Companies using an IRB may not invest more than $10 million in one location,
regardless of fund sources, for a period of three years prior to the issue
and three years after it. Companies may choose to lease all or part of their
equipment and therefore eliminate that portion from the $10 million limit.
IRB's are not generally cost-effective for amounts under $1 million because
of the fees involved in issuing a bond. To be eligible, the company must
obtain a letter of inducement from the local industrial development board
before any monies are expended on a project. In the case of tax-exempt
IRB's, the Internal Revenue Code requires that land acquisition cost must be
less than twenty-five percent (25%) of the total bond issue. If the bond
proceeds are used to finance the acquisition of an existing building, at
least fifteen percent (15%) of the proceeds must be spent on renovation of
the building within two years. Bond proceeds may not be used to purchase
used equipment except in limited situations. There are a number of other
requirements, including a public hearing and volume cap allocation.
SUMMARY
Long term financing. May finance 100% of project. Interest rate below
conventional rates (for tax-exempt bonds).
USE OF FUNDS
Land acquisition and building construction. Machinery and equipment.

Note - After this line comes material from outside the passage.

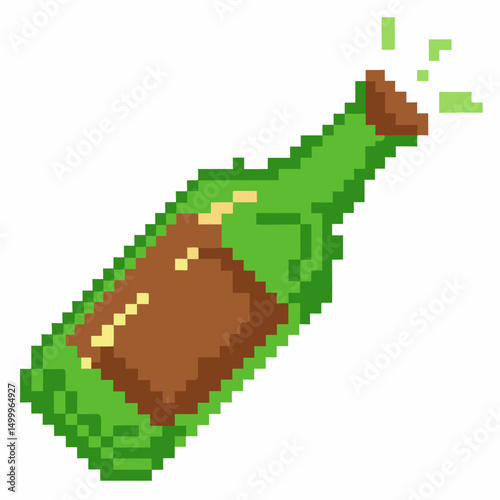 Pixel art green bottle with fizzing splash effect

Architectural and engineering fees. Cost of bond issuance.
SOURCES OF FUNDS
Banks, institutional investors.
MATURITY TERM
Negotiable, depending on project and lender.
LIMITS
Tax-exempt: $10 million. Taxable: no limit.
ELIGIBLE BUSINESSES
Manufacturing, distribution, warehousing, and corporate headquarters.
INELIGIBLE BUSINESSES
Refinancing and restructuring existing debt. Venture capital, working
capital.
SPECIAL CONDITIONS
Loan conditions may vary depending on lending institution.